An uptick in violence at some Farmington Hills businesses has city council members looking at a business license process that would make it easier for police to temporarily shut them down.
Police Chief Jeff King told city council members Monday that the department’s entire afternoon shift, plus mutual aid officers from other cities, responded to one fight this year at Sport ‘N’ Fun on Grand River near Orchard Lake Road. Over a four-month period, police responded to 23 incidents at the outdoor amusement center, including other large-scale fights and an assault on a 12-year-old girl.
After meetings with police, King said, the facility owner volunteered to set limits on access, restrict large groups, and hire uniformed security guards, and “we saw significant decrease in that activity.”
Hookah lounge adds security
Hookah lounges are also on the radar, after a stabbing, attempted murder, and an October shooting at a gas station near a lounge on Northwestern Highway. King said that lounge owner now has armed security and installed a metal detector.

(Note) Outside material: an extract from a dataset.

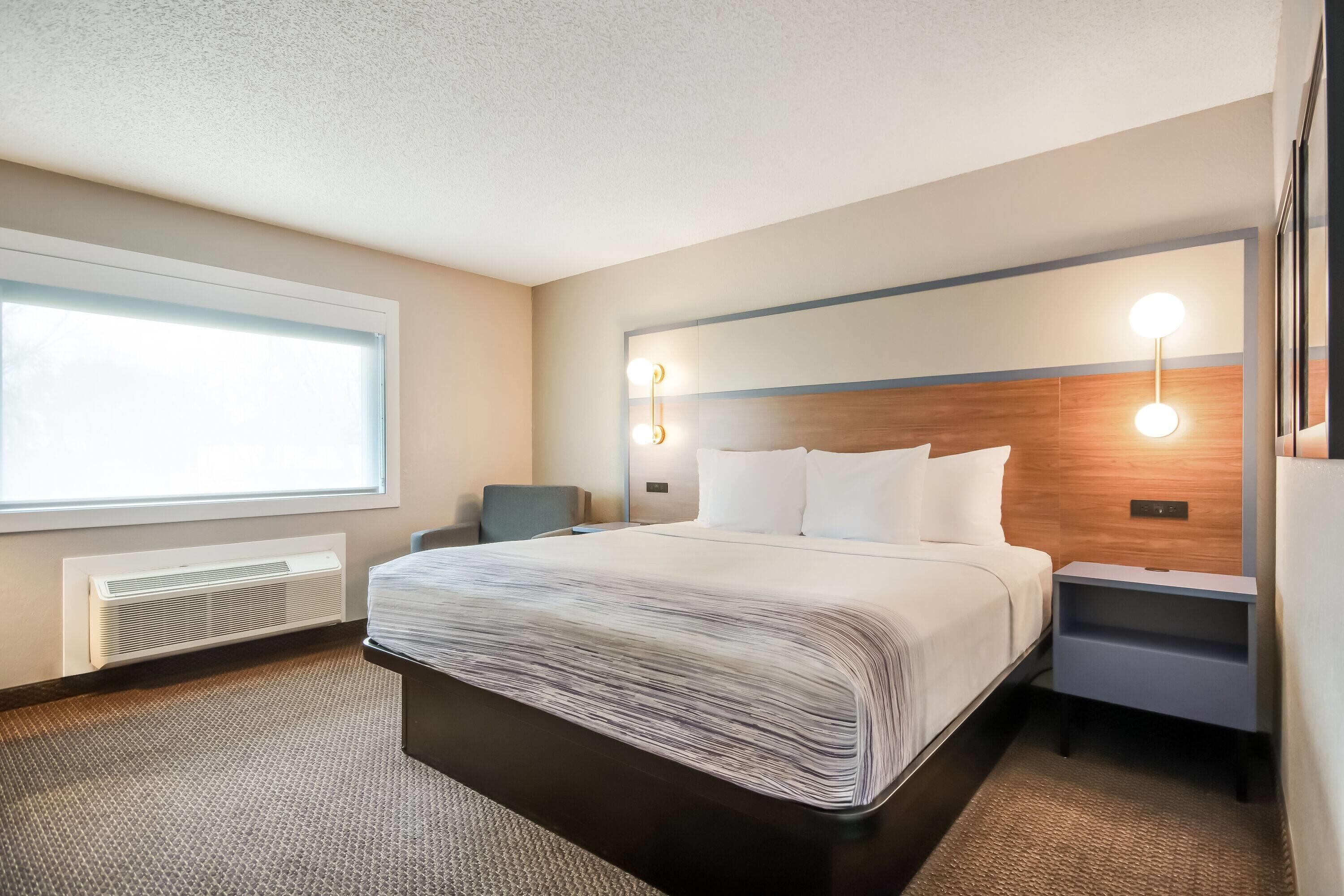 Room, 1 King Bed, Non Smoking | Desk, laptop workspace, blackout drapes, iron/ironing board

“My focus is on the behavior, not the business itself,” he said, adding the license would “bolster the measures these businesses have taken and reduce the strain on our resources and improve the safety of their location.”
City attorney Steve Joppich said the council can adopt ordinances “to protect the public heath, safety, and welfare”. The license under consideration would be limited to hookah lounges, family fun centers, arcades, go kart, and “putt putt” establishments.
Council members generally supported the measure. Valerie Knol said Farmington Hills residents had complained to her about fights at the amusement center, and Mayor Vicki Barnett expressed concerns about safety in some areas of the city.
“We are known as a safe city, I want to continue to be known as a safe city,” she said.
Involve business owners
Council member Samantha Steckloff stressed that the Sport ‘N’ Fun business owner has done all they can to resolve issues. She asked that business owners be included in drafting the license. Council members Jackie Boleware and Mary Newlin both favored a cautious approach that does not put up barriers to businesses moving into the community.
Joppich said that city officials can control fees to make the license inexpensive and set up a hearing process that gives owners an opportunity to explain and correct problems.
“The idea would be not to target them, but to enable them to operate in a responsible manner,” he said.
Council members took no action. A draft ordinance will appear on a future agenda.